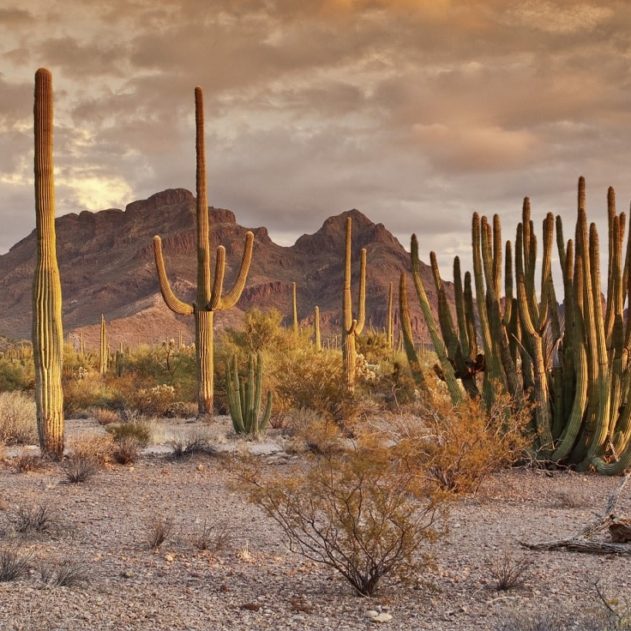 cactus eau desert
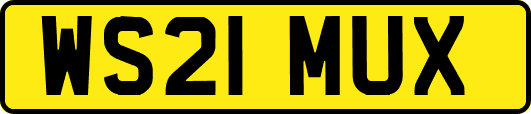 WS21MUX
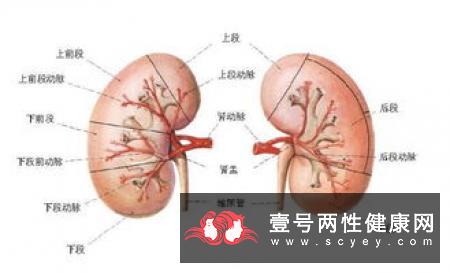 原发性三叉神经痛与舌咽神经痛的鉴别诊断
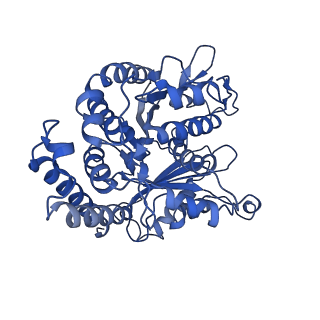 3965_6ew0_H_v1-3
Cryo-EM structure of GDP-microtubule co-polymerised with doublecortin and supplemented with Taxol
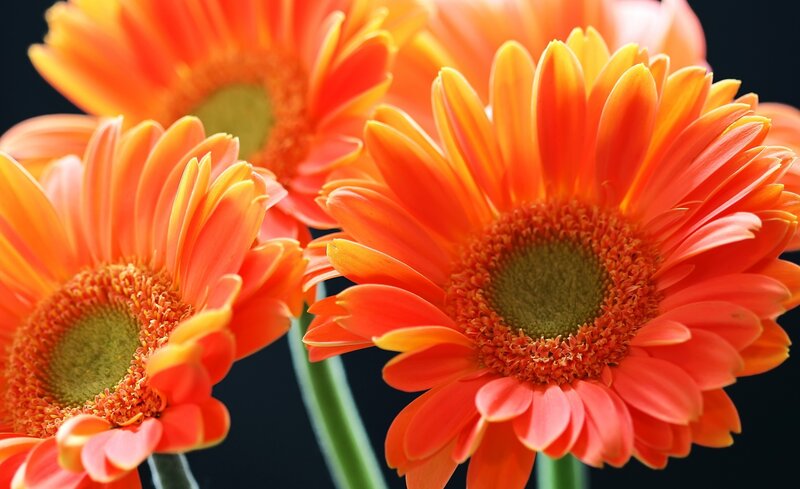 Orange Gerbera Daisies — Vibrant, Photograph, Flowers, Stems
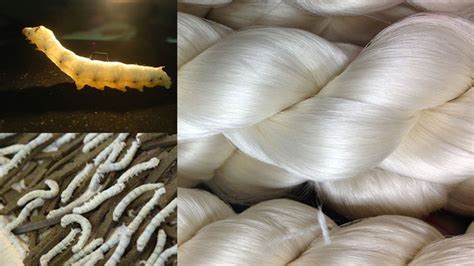 Silk Production పట్టు ఉత్పత్తిలో స్వావలంబనకు అవకాశాలు Eruvaaka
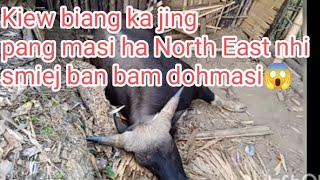 Kyntait lut ki paidbah ban bam doh masi, namar la kiew biang ka jing pang masi ha northeast ngi😱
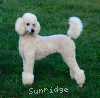 A photo of Sunridge Fire In The Moonlight, a white standard poodle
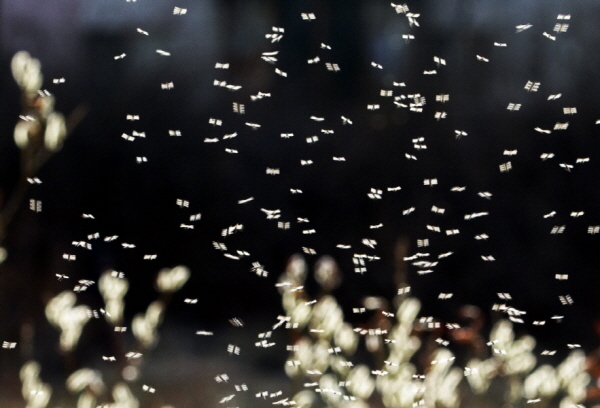 The Flapping of Mayflies, 2011, Pigment print, 50.6x70cm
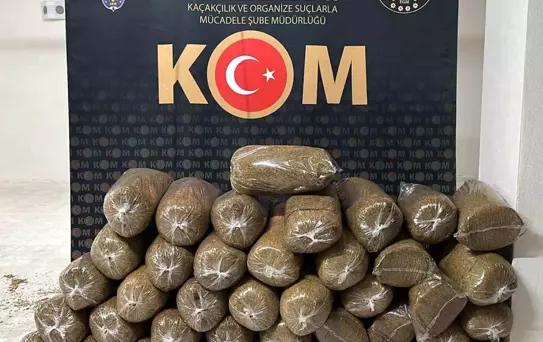 Kırşehir'de 200 Kilogram Kaçak Tütün Ele Geçirildi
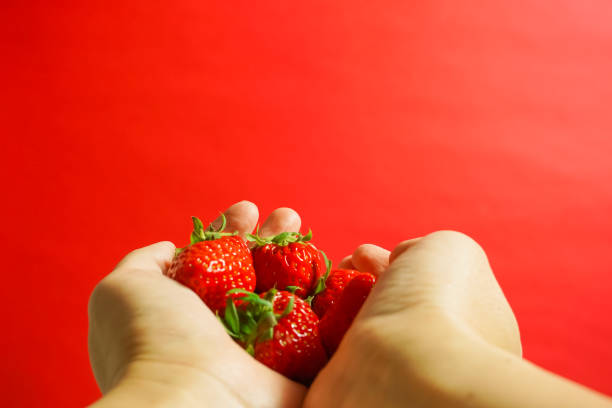 istock The hand which sends many strawberries. red background 927053980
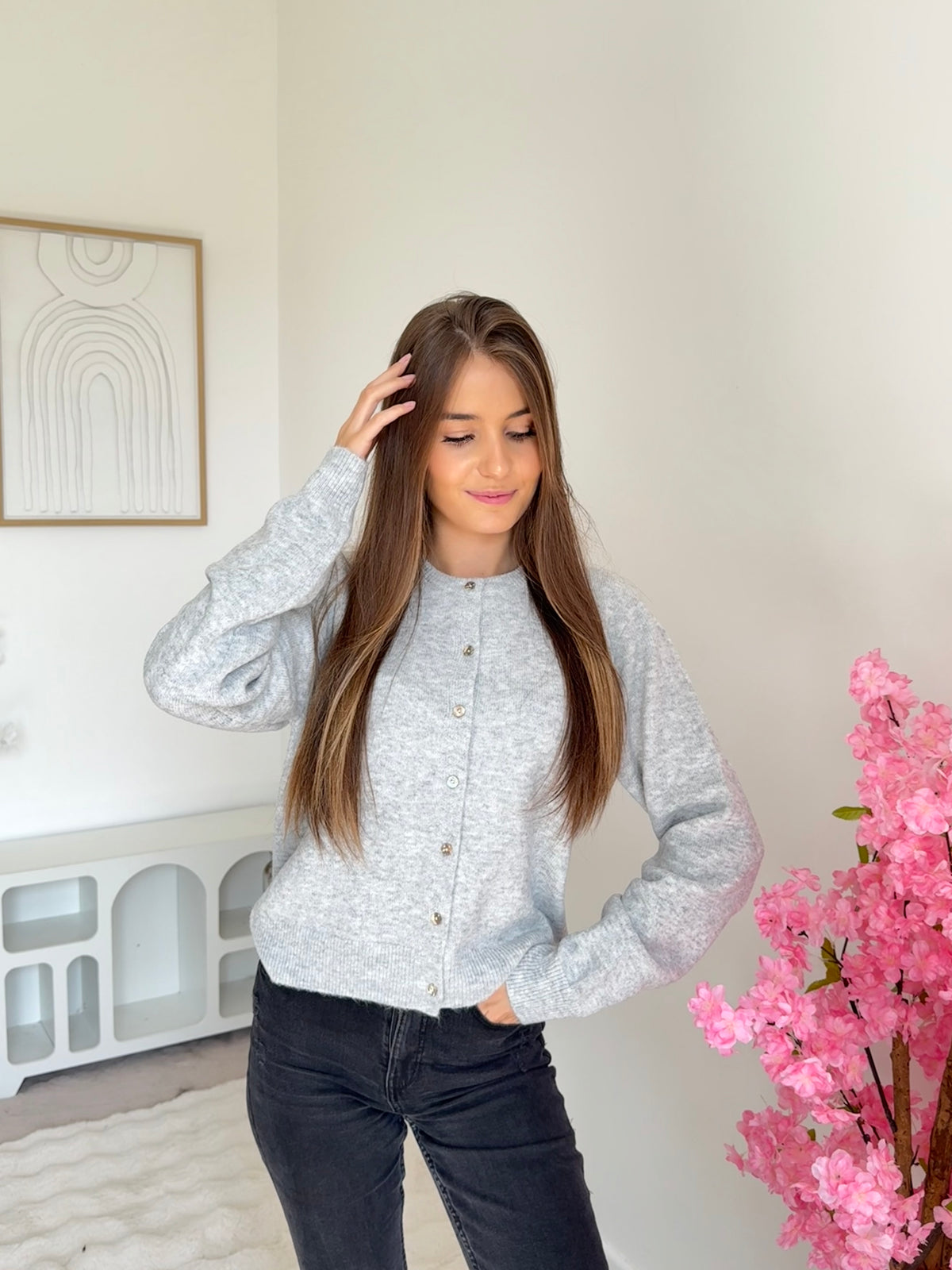 Pull/Gilet Anna Gris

====================

WHAT IS BEING ASKED =>
Everything in the entries above except the pictures should be given again exactly.

WORKED SOLUTION =>
 cactus eau desert
 WS21MUX
 原发性三叉神经痛与舌咽神经痛的鉴别诊断
 3965_6ew0_H_v1-3
Cryo-EM structure of GDP-microtubule co-polymerised with doublecortin and supplemented with Taxol
 Orange Gerbera Daisies — Vibrant, Photograph, Flowers, Stems
 Silk Production పట్టు ఉత్పత్తిలో స్వావలంబనకు అవకాశాలు Eruvaaka
 Kyntait lut ki paidbah ban bam doh masi, namar la kiew biang ka jing pang masi ha northeast ngi😱
 A photo of Sunridge Fire In The Moonlight, a white standard poodle
 The Flapping of Mayflies, 2011, Pigment print, 50.6x70cm
 Kırşehir'de 200 Kilogram Kaçak Tütün Ele Geçirildi
 istock The hand which sends many strawberries. red background 927053980
 Pull/Gilet Anna Gris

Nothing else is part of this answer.